> [Data segment]
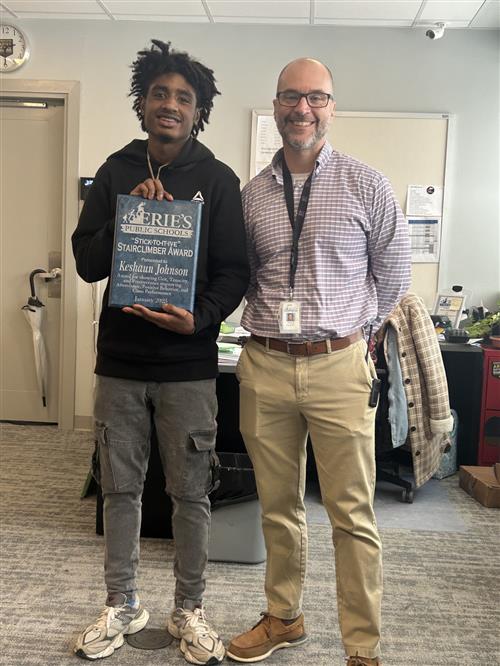 Keyshaun Johnson, Erie High's Stairclimber recipient for the month of January, poses with his plaque and Principal Orlando.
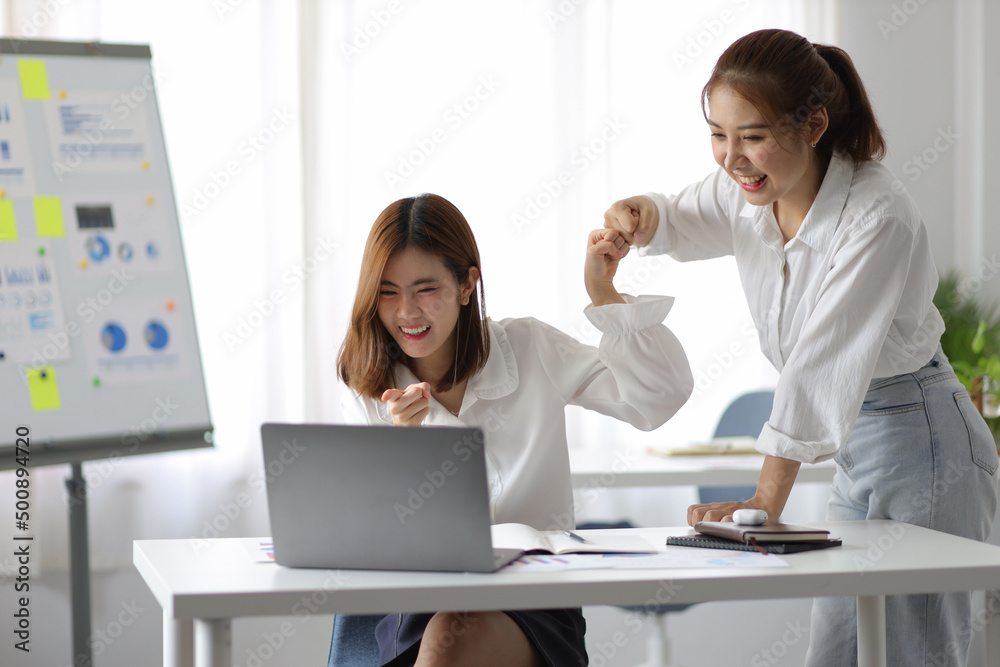 Asian woman and office colleague looking at laptop and showing excited expression. Asian woman and office colleague looking at laptop and showing excited expression.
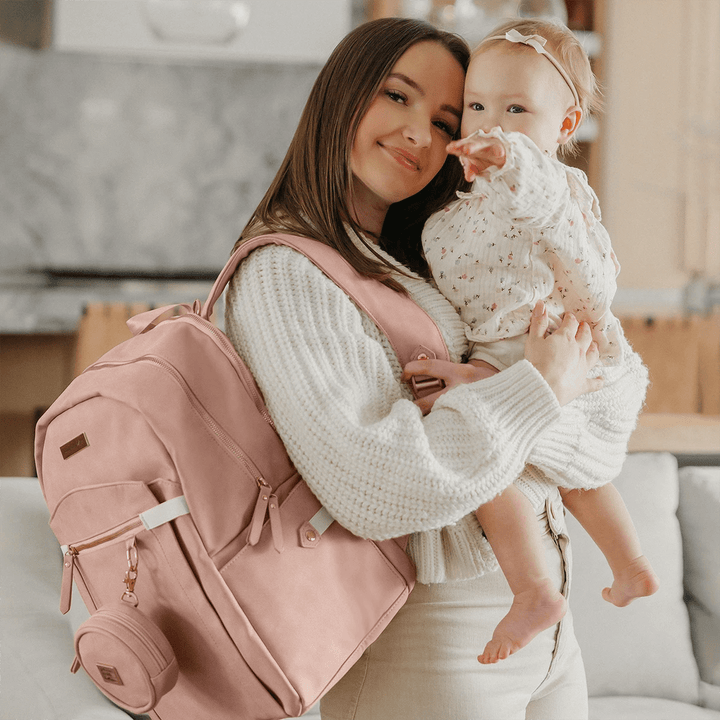 mom hugging baby while wearing the provisions backpack in toffee rose with petite porter attached to the backpack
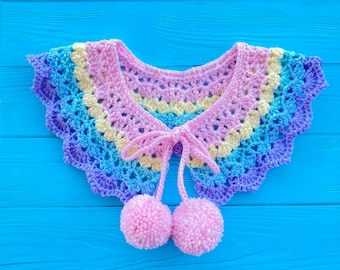 May include: A rainbow crochet collar with pink pom-poms attached to the ends of the ties. The collar is on a blue wooden background.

> [Assigned task] You are asked to reproduce each line above exactly, but to exclude the pictures.

> [Written answer]
 Keyshaun Johnson, Erie High's Stairclimber recipient for the month of January, poses with his plaque and Principal Orlando.
 Asian woman and office colleague looking at laptop and showing excited expression. Asian woman and office colleague looking at laptop and showing excited expression.
 mom hugging baby while wearing the provisions backpack in toffee rose with petite porter attached to the backpack
 May include: A rainbow crochet collar with pink pom-poms attached to the ends of the ties. The collar is on a blue wooden background.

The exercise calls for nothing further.